▸ EXTRACTED DATA:
□ □ □ □ □ □ □
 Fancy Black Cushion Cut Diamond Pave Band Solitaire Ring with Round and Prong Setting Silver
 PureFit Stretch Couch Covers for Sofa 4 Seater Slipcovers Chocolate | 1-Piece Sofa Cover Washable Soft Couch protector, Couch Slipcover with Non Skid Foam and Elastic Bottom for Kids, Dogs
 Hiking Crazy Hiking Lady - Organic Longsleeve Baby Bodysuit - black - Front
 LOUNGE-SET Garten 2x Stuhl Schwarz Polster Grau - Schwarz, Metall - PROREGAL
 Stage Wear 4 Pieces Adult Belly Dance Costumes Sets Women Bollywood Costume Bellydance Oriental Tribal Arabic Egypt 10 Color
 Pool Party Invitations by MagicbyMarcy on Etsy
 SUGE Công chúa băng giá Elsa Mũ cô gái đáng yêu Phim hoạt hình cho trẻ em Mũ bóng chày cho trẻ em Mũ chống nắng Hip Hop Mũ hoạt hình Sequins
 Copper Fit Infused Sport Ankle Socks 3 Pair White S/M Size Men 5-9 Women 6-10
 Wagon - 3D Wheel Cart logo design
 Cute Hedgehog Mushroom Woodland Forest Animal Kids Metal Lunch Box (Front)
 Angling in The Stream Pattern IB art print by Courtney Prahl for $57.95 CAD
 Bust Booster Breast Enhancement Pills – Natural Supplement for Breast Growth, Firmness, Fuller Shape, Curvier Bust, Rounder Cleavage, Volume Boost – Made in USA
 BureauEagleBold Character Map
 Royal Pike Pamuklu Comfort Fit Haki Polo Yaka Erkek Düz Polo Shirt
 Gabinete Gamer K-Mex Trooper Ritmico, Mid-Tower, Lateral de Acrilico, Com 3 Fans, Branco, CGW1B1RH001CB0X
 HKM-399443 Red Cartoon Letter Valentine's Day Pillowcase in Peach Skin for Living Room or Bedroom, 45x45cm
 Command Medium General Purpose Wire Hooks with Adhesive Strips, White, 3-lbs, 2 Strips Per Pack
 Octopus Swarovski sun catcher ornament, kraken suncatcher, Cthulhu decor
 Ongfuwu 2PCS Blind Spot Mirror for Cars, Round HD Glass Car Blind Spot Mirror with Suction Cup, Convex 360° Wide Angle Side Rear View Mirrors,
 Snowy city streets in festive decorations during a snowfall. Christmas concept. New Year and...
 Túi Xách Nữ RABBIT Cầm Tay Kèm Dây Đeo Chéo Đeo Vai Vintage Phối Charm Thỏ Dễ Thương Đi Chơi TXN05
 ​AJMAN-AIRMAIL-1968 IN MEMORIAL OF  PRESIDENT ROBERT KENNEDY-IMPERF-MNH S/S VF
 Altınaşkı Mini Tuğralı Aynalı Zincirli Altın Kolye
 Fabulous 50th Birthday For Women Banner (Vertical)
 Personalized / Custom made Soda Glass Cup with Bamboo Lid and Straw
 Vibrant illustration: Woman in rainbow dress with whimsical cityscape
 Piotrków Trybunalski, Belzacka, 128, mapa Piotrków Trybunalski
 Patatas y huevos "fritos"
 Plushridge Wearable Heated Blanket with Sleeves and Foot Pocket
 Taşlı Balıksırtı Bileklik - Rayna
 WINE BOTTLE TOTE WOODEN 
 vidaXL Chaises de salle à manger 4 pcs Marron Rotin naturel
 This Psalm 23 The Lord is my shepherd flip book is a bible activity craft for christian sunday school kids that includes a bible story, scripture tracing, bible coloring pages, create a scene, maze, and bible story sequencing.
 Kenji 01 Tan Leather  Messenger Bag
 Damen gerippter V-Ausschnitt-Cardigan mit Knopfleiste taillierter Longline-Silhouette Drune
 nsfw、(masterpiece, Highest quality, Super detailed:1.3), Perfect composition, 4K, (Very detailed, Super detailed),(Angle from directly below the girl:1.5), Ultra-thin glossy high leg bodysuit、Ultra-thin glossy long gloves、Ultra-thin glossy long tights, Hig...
□ □ □ □ □ □ □
▸ WHAT TO WORK ON: Search the listing above for "Glass" and copy every line that holds it.

▸ SOLVED PROBLEM:
 Ongfuwu 2PCS Blind Spot Mirror for Cars, Round HD Glass Car Blind Spot Mirror with Suction Cup, Convex 360° Wide Angle Side Rear View Mirrors,
 Personalized / Custom made Soda Glass Cup with Bamboo Lid and Straw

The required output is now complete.